[WHAT NEEDS TO BE DONE]: Reproduce the entire listing exactly as written, apart from its pictures.

[PROVIDED DATA]:
"""

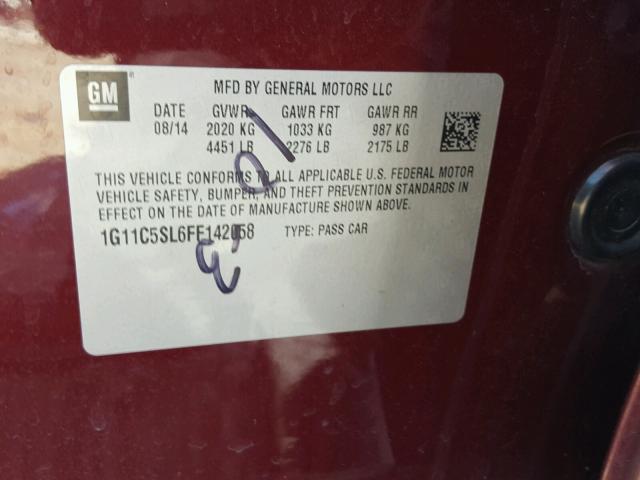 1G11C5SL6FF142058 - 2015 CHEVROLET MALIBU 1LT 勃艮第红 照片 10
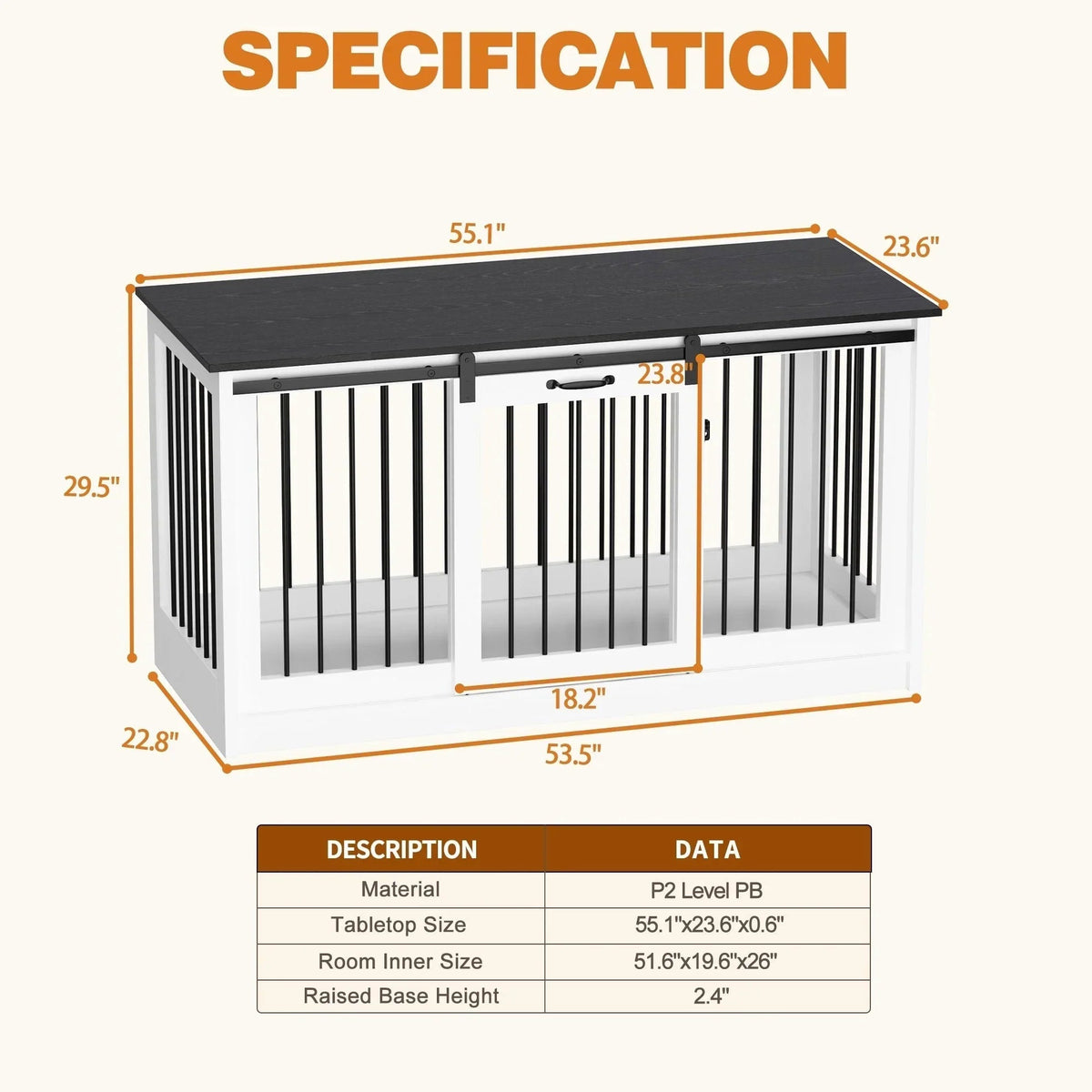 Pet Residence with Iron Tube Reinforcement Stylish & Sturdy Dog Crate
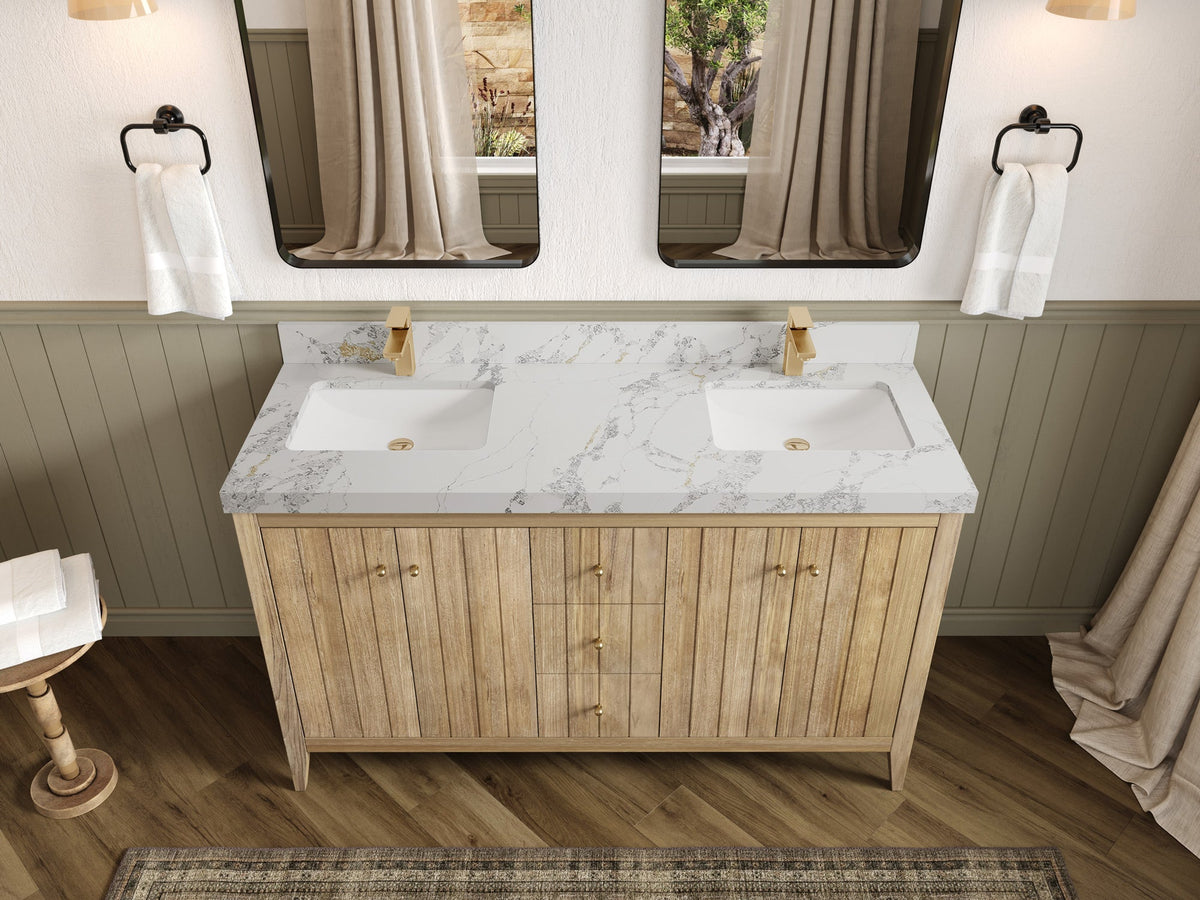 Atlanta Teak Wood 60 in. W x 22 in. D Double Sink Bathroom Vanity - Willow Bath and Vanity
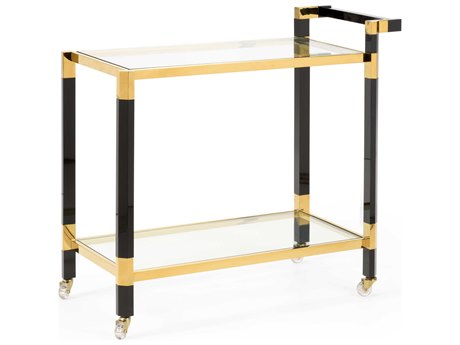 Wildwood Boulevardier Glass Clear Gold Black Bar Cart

"""

[EXERCISE ANSWER]:
 1G11C5SL6FF142058 - 2015 CHEVROLET MALIBU 1LT 勃艮第红 照片 10
 Pet Residence with Iron Tube Reinforcement Stylish & Sturdy Dog Crate
 Atlanta Teak Wood 60 in. W x 22 in. D Double Sink Bathroom Vanity - Willow Bath and Vanity
 Wildwood Boulevardier Glass Clear Gold Black Bar Cart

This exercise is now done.